==== DATA EXCERPTS ====

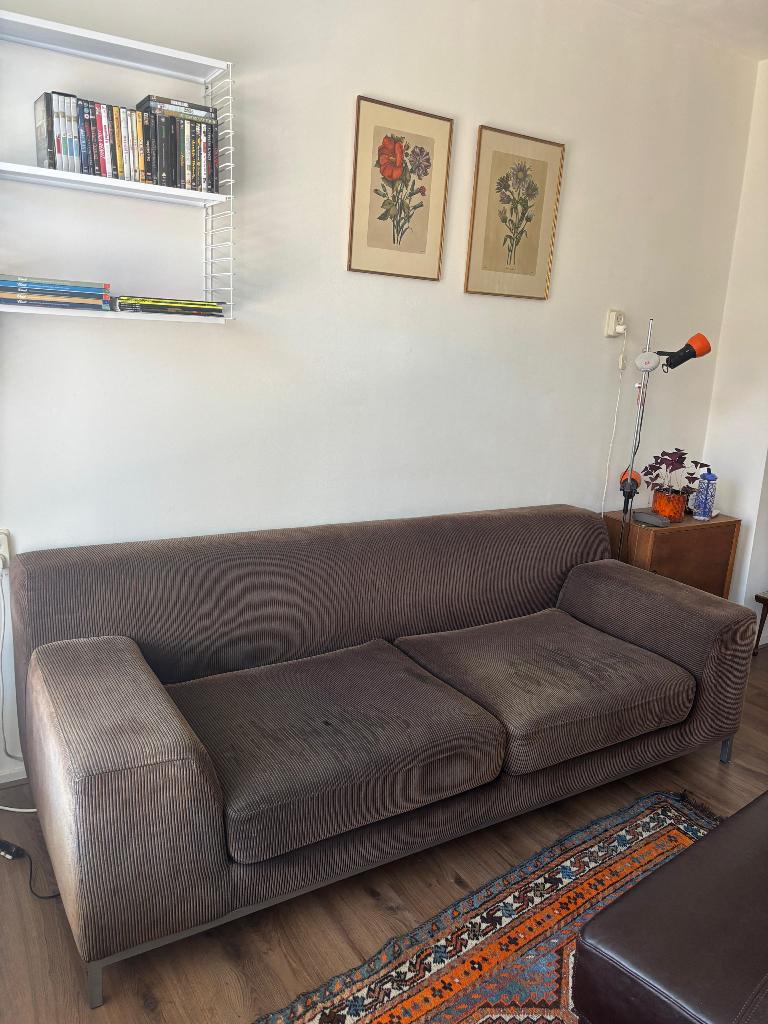 Kramfors driepersoons bank in bruin corduroy, Ophalen, Gebruikt, Driepersoons, 75 tot 100 cm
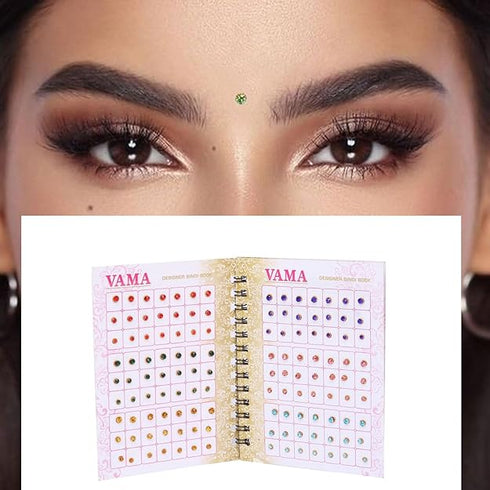 VAMA Multicolour Small Stone Bindis Kumkum Forehead Sticker
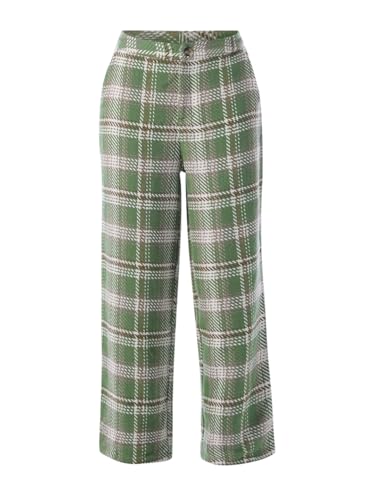 ONLY Women's Checked Flared Mid-Rise Green Pants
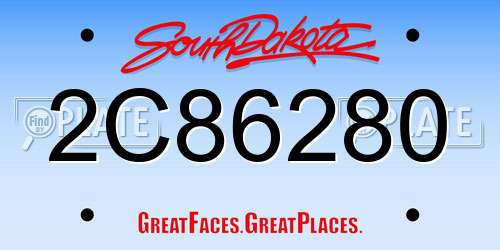 2C86280 South Dakota License Plate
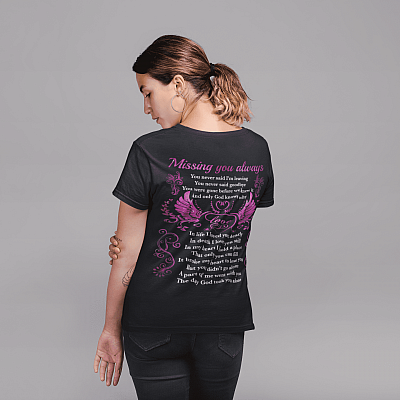 Alternative view of Angel Wings Missing You Always You Never Said I'm Leaving Memorial In Loving Memory T-shirt - V-neck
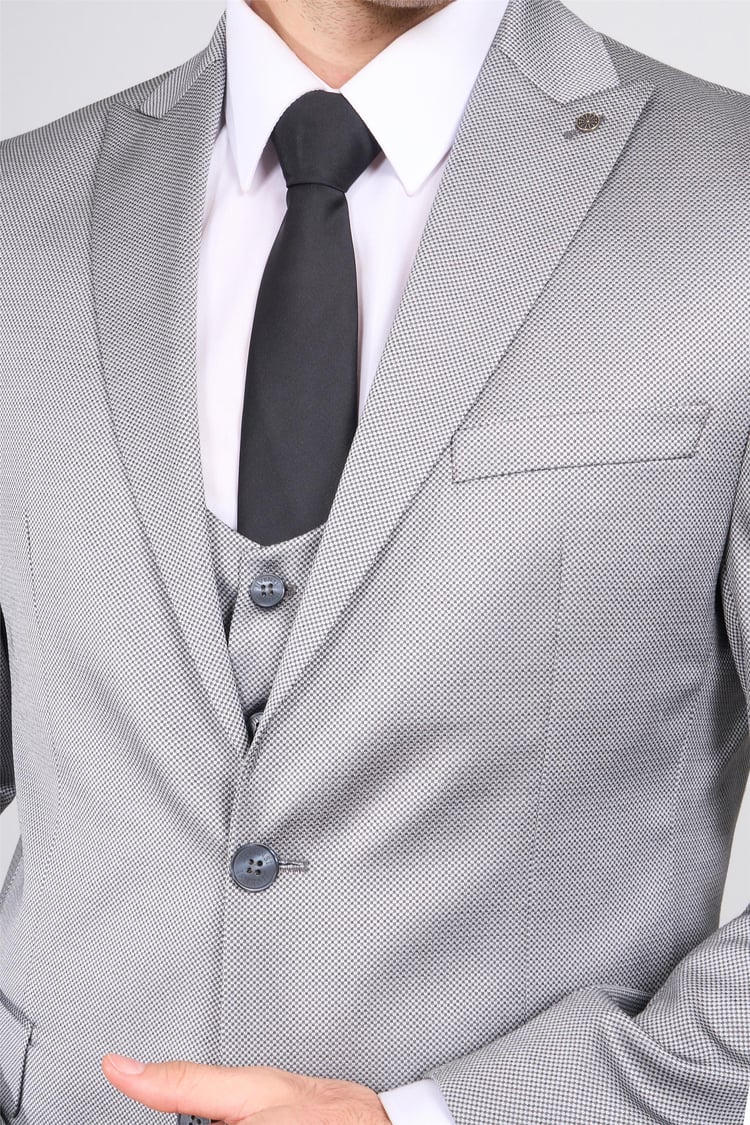 Atlıhan Lagos Gri Erkek Polyviskon Slim Fit Yelekli Takım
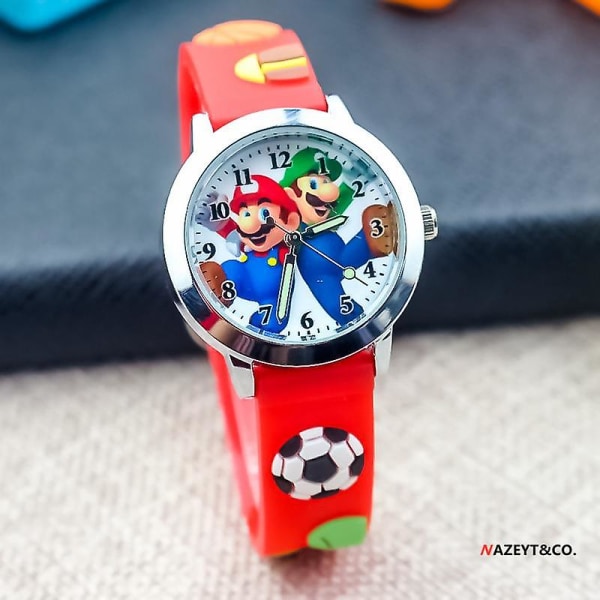 Super Mario Quartz Electronic Watch Silikon barneklokke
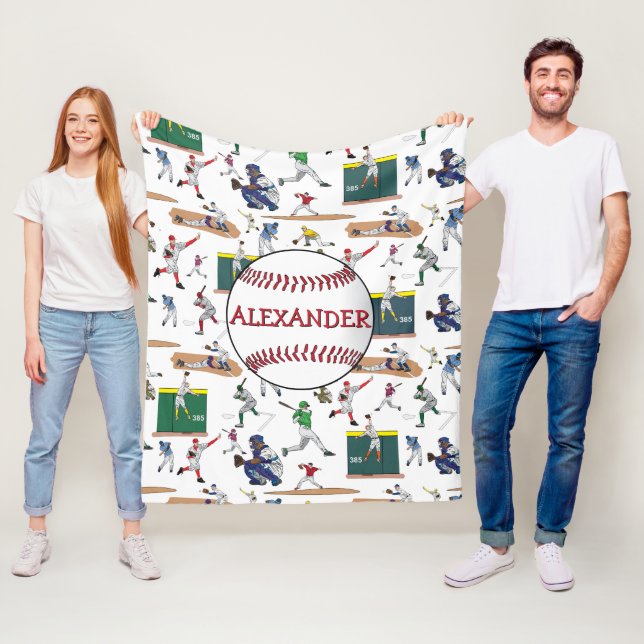 Couverture Polaire Motif d'illustrations des joueurs de baseball pers (En situation)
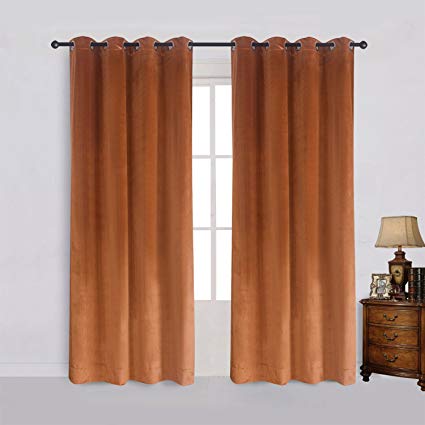 Cherry Home 52-Inch-by-63-Inch Velvet Blackout Grommet Curtain Panel, Orange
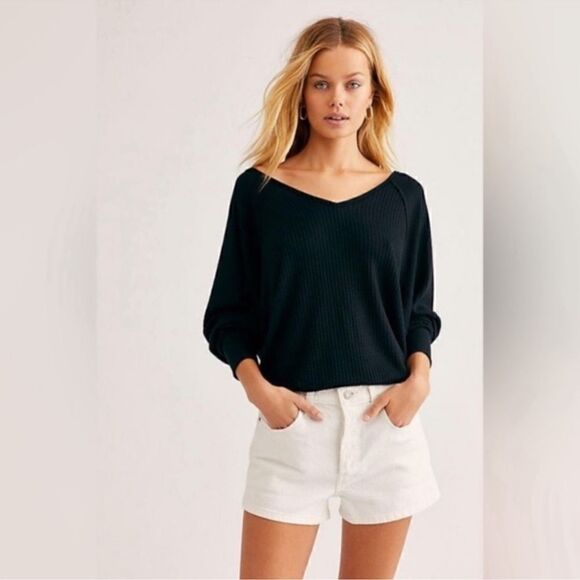 Free People Santa Clara thermal black NWT - Picture 1 of 10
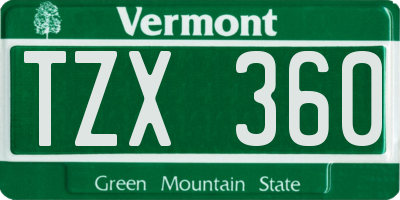 VT license plate TZX360
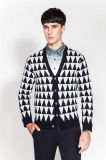 100%Merino Wool Winter Patterned Knitted Men Cardigan with Button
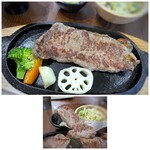 肉が一番 - ◆サーロインは120ｇ、熱々の鉄板で出され最後の焼きは自分の好みで仕上げます。 いつもレアで頂くのですけれど、安いお肉（失礼）はよく焼いた方がいいかな、、と。(^_^; お肉自体は柔らかく、和風のタレを選んだのでサッパリいただけます。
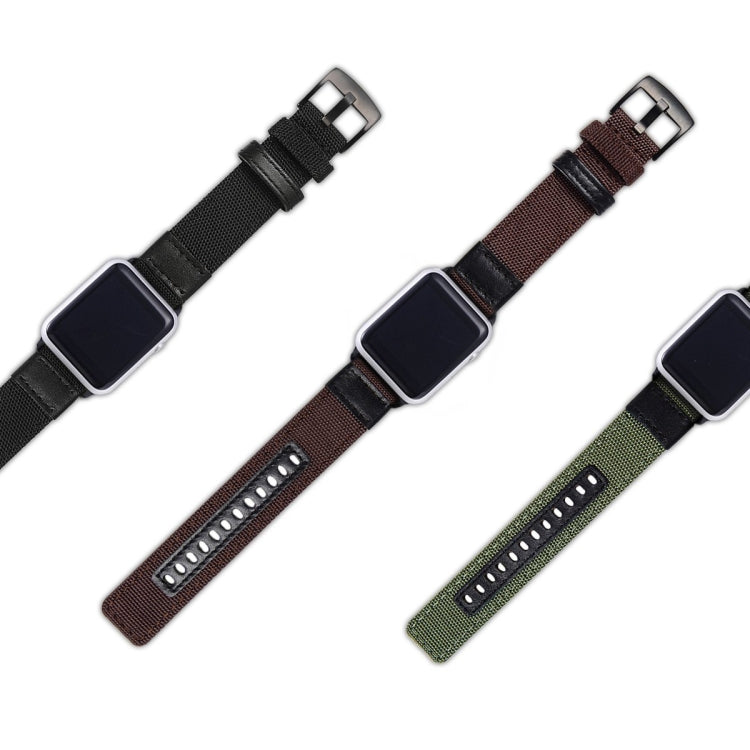 For Apple Watch Series 7 45mm / 6 & SE & 5 & 4 44mm / 3 & 2 & 1 42mm Nylon Watch Band(Army Green) by bashfashion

====

EXERCISE GOAL:
Among the entries above, take the line with "Alternative view of", the line with "肉が一番 - ◆サーロインは120ｇ、熱々の鉄板で出され最後の焼きは自分の好みで仕上げます。", and all the lines between them, and restate them word for word without pictures.

TASK ANSWER:
 Alternative view of Angel Wings Missing You Always You Never Said I'm Leaving Memorial In Loving Memory T-shirt - V-neck
 Atlıhan Lagos Gri Erkek Polyviskon Slim Fit Yelekli Takım
 Super Mario Quartz Electronic Watch Silikon barneklokke
 Couverture Polaire Motif d'illustrations des joueurs de baseball pers (En situation)
 Cherry Home 52-Inch-by-63-Inch Velvet Blackout Grommet Curtain Panel, Orange
 Free People Santa Clara thermal black NWT - Picture 1 of 10
 VT license plate TZX360
 100%Merino Wool Winter Patterned Knitted Men Cardigan with Button
 肉が一番 - ◆サーロインは120ｇ、熱々の鉄板で出され最後の焼きは自分の好みで仕上げます。 いつもレアで頂くのですけれど、安いお肉（失礼）はよく焼いた方がいいかな、、と。(^_^; お肉自体は柔らかく、和風のタレを選んだのでサッパリいただけます。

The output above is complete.